Câmara não vai anular concurso, mas estuda punições
28/08/2007 - 18:05
O presidente da Câmara, Arlindo Chinaglia, leu em plenário nota da Diretoria Geral da Casa que conclui não haver motivos para anular o concurso da Câmara para o cargo de Técnico Legislativo (nível médio). A nota decorre de questão de ordem do deputado Arnaldo Faria de Sá (PTB-SP) sobre o fato de as provas não conterem nenhuma pergunta sobre o Regimento Interno da Casa, apesar de o tema estar previsto no edital, ao lado de Direito Constitucional e Direito Administrativo.
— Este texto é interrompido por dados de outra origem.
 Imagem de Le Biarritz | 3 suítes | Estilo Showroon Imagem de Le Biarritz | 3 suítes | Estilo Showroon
Embora considere não haver "mácula que enseje a anulação do concurso", a Diretoria Geral reconhece que a contratada, a Fundação Carlos Chagas, não atuou como o desejado ao deixar o tema de fora. Por isso, vai analisar medidas que possam ser tomadas em relação ao serviço prestado. O diretor-geral, Sérgio Sampaio, afirma que conhecimentos sobre o Regimento são um requisito necessário para os aspirantes ao cargo e que o assunto não deveria ter ficado de fora da prova.
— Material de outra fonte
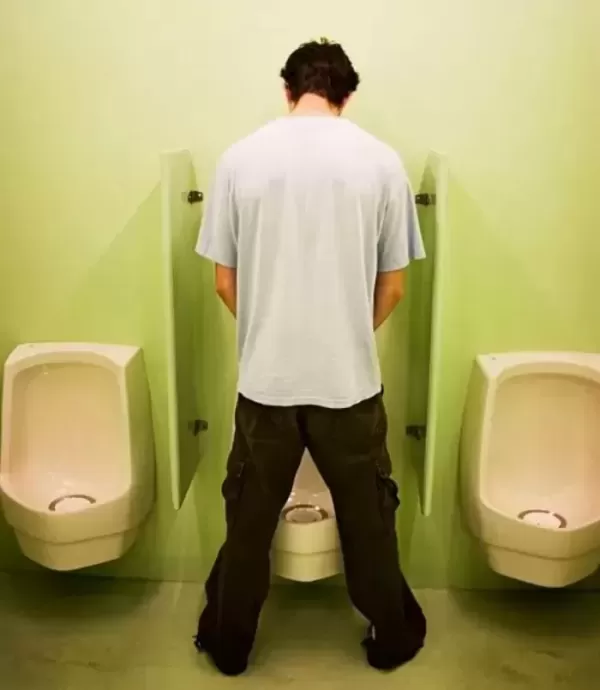 男화장실 통해서 가는 흡연실 만든 회사... 여성 흡연자들 결국 선 넘었다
A nota explica que todos os procedimentos de realização do concurso, como elaboração das provas, escolha dos locais, escolha da banca examinadora são atribuições da Fundação Carlos Chagas. "Em nenhum momento esta Casa teve acesso às questões ou à banca examinadora", diz o informe.
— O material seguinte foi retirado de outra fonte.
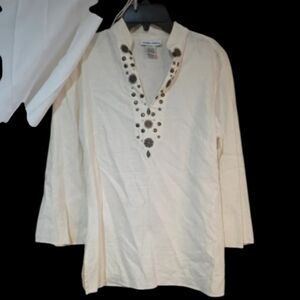 Michele Michelle Sz 8 Cream Linen Rayon  With Metal Embellishment Tunic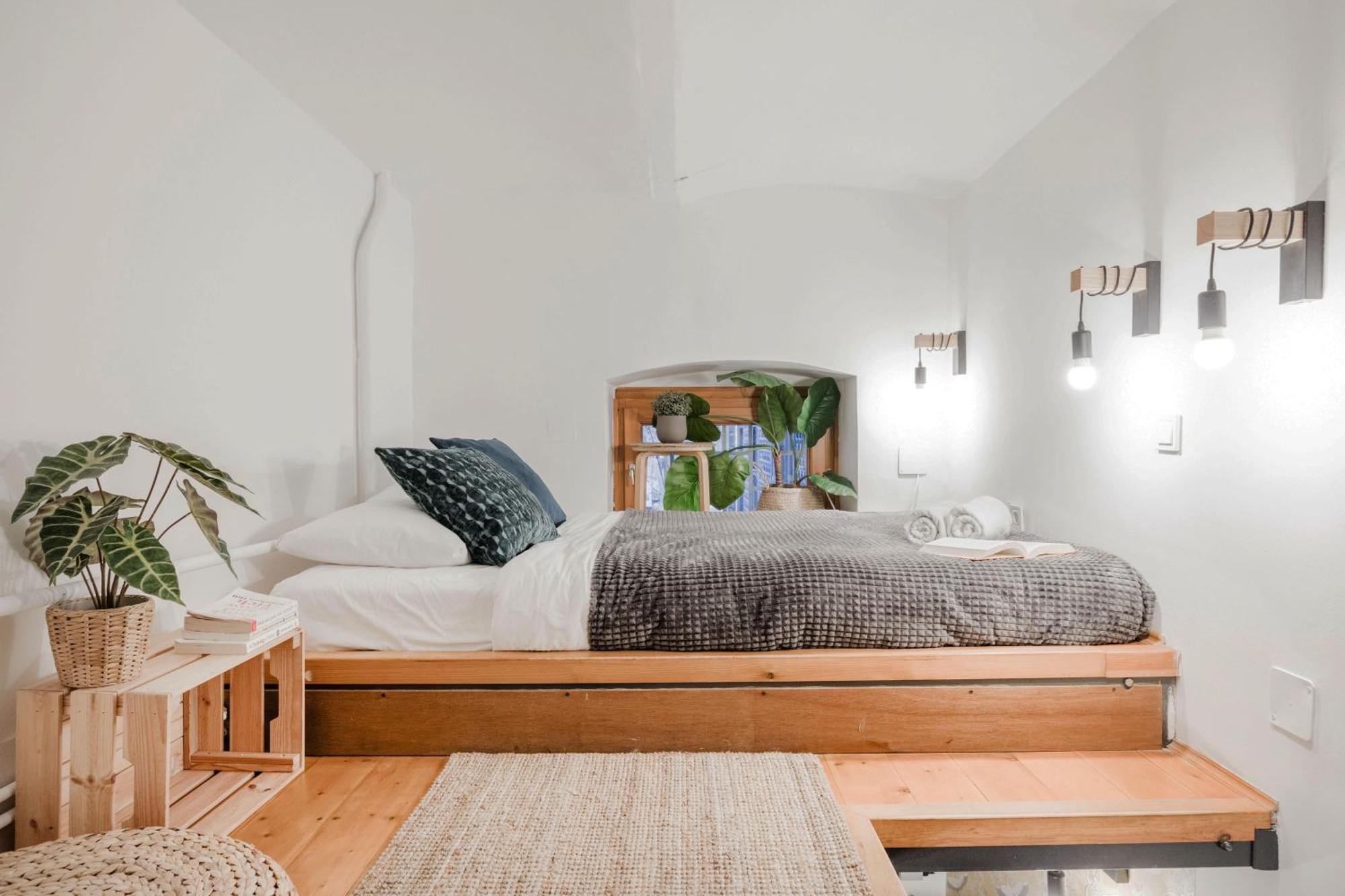 Wellness Wonderland: Garden, Sauna, Jacuzzi In Cbd Budapest Exteriör bild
Depois de terminar a leitura, Chinaglia também lamentou a falta de perguntas sobre o Regimento e reafirmou que as mesmas condições de disputa foram dadas a todos os concorrentes que fizeram a prova. "Se for identificada, em algum dos futuros ingressos, deficiência no conhecimento do Regimento Interno, a Casa dará cursos continuados, como tem feito", explicou.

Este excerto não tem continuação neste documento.